Though you mention "catch up" - are you refering that characters that start behind have a way to catch up to the same XP total as other characters? In other words, gain more XP. Or is "catch up" just to be the same level? The second part works okayish at the low levels, but once you are in the high single digits others seem like they would be climbling levels with the same XP it takes the 1st level PCs to get to where they were and it will take forever to catch up.

But really my comments weren't meant for a stable. I've done stables of PCs before, and we've done things like run our lower level PCs with new player's high level PCs - all whom were around the same level. That worked well to get the player at least one PC up to the right level range.
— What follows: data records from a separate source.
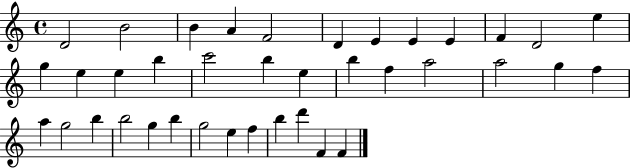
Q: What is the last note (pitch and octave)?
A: F4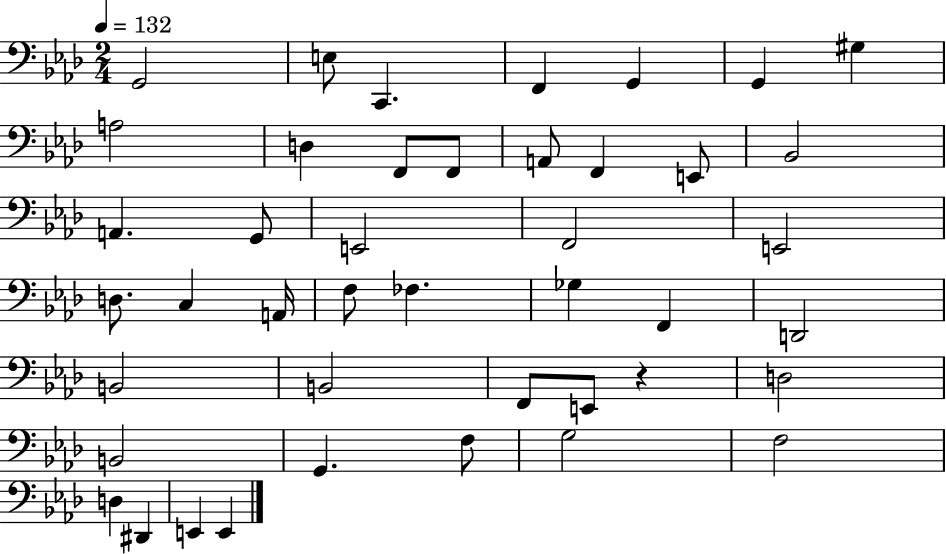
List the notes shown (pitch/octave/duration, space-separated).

G2/h E3/e C2/q. F2/q G2/q G2/q G#3/q A3/h D3/q F2/e F2/e A2/e F2/q E2/e Bb2/h A2/q. G2/e E2/h F2/h E2/h D3/e. C3/q A2/s F3/e FES3/q. Gb3/q F2/q D2/h B2/h B2/h F2/e E2/e R/q D3/h B2/h G2/q. F3/e G3/h F3/h D3/q D#2/q E2/q E2/q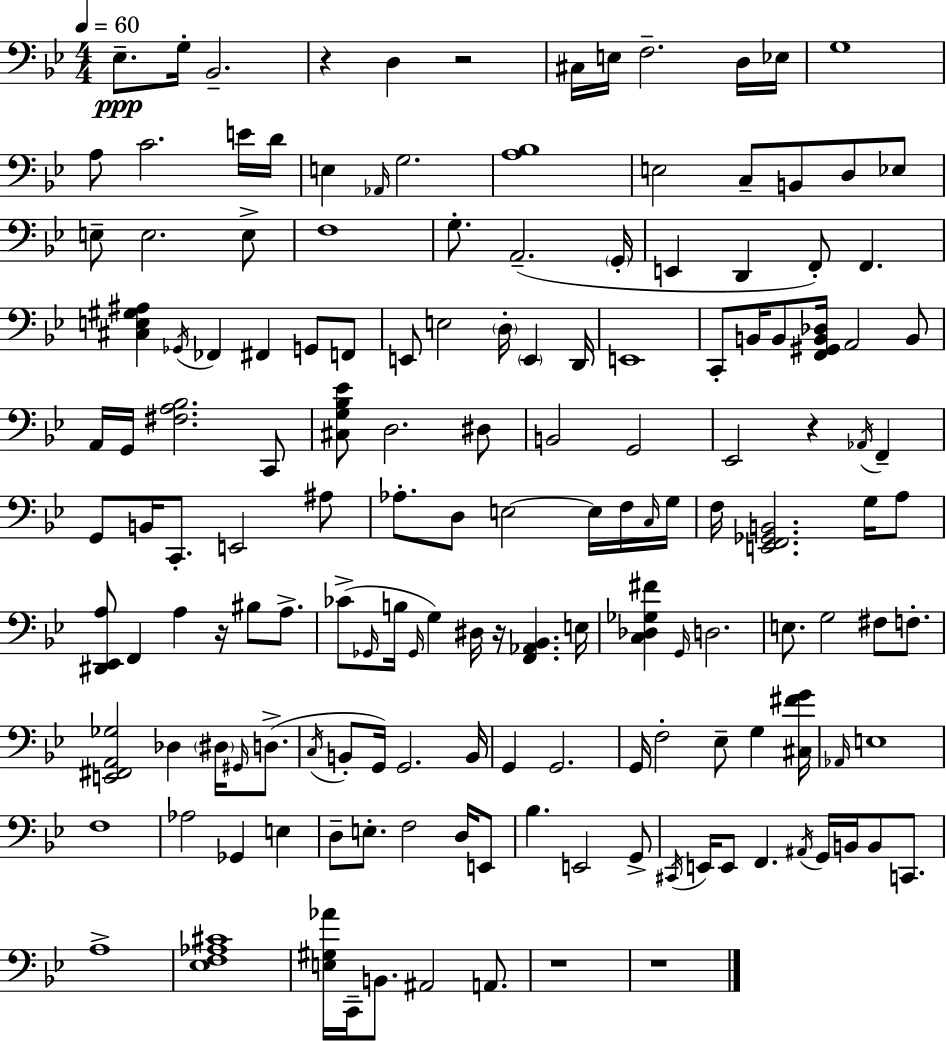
X:1
T:Untitled
M:4/4
L:1/4
K:Gm
_E,/2 G,/4 _B,,2 z D, z2 ^C,/4 E,/4 F,2 D,/4 _E,/4 G,4 A,/2 C2 E/4 D/4 E, _A,,/4 G,2 [A,_B,]4 E,2 C,/2 B,,/2 D,/2 _E,/2 E,/2 E,2 E,/2 F,4 G,/2 A,,2 G,,/4 E,, D,, F,,/2 F,, [^C,E,^G,^A,] _G,,/4 _F,, ^F,, G,,/2 F,,/2 E,,/2 E,2 D,/4 E,, D,,/4 E,,4 C,,/2 B,,/4 B,,/2 [F,,^G,,B,,_D,]/4 A,,2 B,,/2 A,,/4 G,,/4 [^F,A,_B,]2 C,,/2 [^C,G,_B,_E]/2 D,2 ^D,/2 B,,2 G,,2 _E,,2 z _A,,/4 F,, G,,/2 B,,/4 C,,/2 E,,2 ^A,/2 _A,/2 D,/2 E,2 E,/4 F,/4 C,/4 G,/4 F,/4 [E,,F,,_G,,B,,]2 G,/4 A,/2 [^D,,_E,,A,]/2 F,, A, z/4 ^B,/2 A,/2 _C/2 _G,,/4 B,/4 _G,,/4 G, ^D,/4 z/4 [F,,_A,,_B,,] E,/4 [C,_D,_G,^F] G,,/4 D,2 E,/2 G,2 ^F,/2 F,/2 [E,,^F,,A,,_G,]2 _D, ^D,/4 ^G,,/4 D,/2 C,/4 B,,/2 G,,/4 G,,2 B,,/4 G,, G,,2 G,,/4 F,2 _E,/2 G, [^C,^FG]/4 _A,,/4 E,4 F,4 _A,2 _G,, E, D,/2 E,/2 F,2 D,/4 E,,/2 _B, E,,2 G,,/2 ^C,,/4 E,,/4 E,,/2 F,, ^A,,/4 G,,/4 B,,/4 B,,/2 C,,/2 A,4 [_E,F,_A,^C]4 [E,^G,_A]/4 C,,/4 B,,/2 ^A,,2 A,,/2 z4 z4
By "catch up," I mean to close the gap between the character levels. Presumably the lower-level PCs are fighting things they couldn't normally fight except that they have higher-level PCs with them that can. And big chunks of XP follow which gets them to level up pretty quickly. Also, we have to imagine that sometimes the higher-level PCs are going to miss sessions sometimes which means in those sessions they can get closer to those PCs' XP totals. They may never be equal in XP total, but they can get close enough with their difference is effectively negligible due to D&D 5e's design.
 

So you use XP as a punitive measure for an out of game situation?

That approach to the game and group dynamics will end poorly. The players are not your employees. If there is a problem with a player the group should talk about it and decide what to do.
It works fine for me. I tell my players that this is the rule before we start playing. And it motivates them to not miss without giving word. As those situations might happen quite frequently it's better to just not give XP rather than talk with them about it every single time.